Jesús Martínez Gordo
El encuentro había sido anunciado con un título que es posible que -a primera vista- pudiera parecer pomposo y desmedido, pero que -una vez celebrado- fue un fiel anticipo de lo anunciado: “la Universidad de la vida”, en este caso, de dos curas que no se conocían entre sí hasta hace unos pocos meses; pertenecientes a lo mejor de la generación postconciliar; llenos de vida intensamente vivida y de esperanza que transmitir, a quienes Julio Flor había tenido la suerte de conocer en sus correrías periodísticas y a los que -vistas las singularidades y coincidencias de sus respectivas existencias- había decidido poner en contacto.

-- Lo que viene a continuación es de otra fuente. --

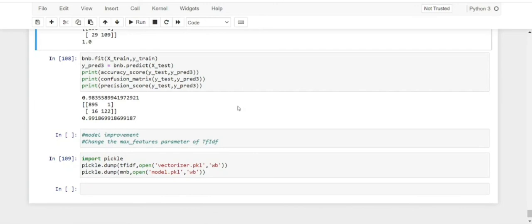I also performed a model improvement by changing the max_features for TF-IDF. When we did not take any max_features, the accuracy score for multinomial Naive Bayes was around 95%. When we set it to 3000, we got an accuracy score of 97%. For Bernoulli as well, the accuracy score went from around 96% to 98% after that change.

Como resultado de ello, surgió la idea de hacer este encuentro en el corazón de Rioja Alavesa, en el pueblo que vio nacer a Antonio Mijangos y por donde, jubilado, pasea por sus calles, apoyado en una cachaba. Y lo hace como si fuera la sala de estar de su casa; no en vano el Centro de Cultura de esta localidad lleva -por decisión del Ayuntamiento del lugar- su nombre.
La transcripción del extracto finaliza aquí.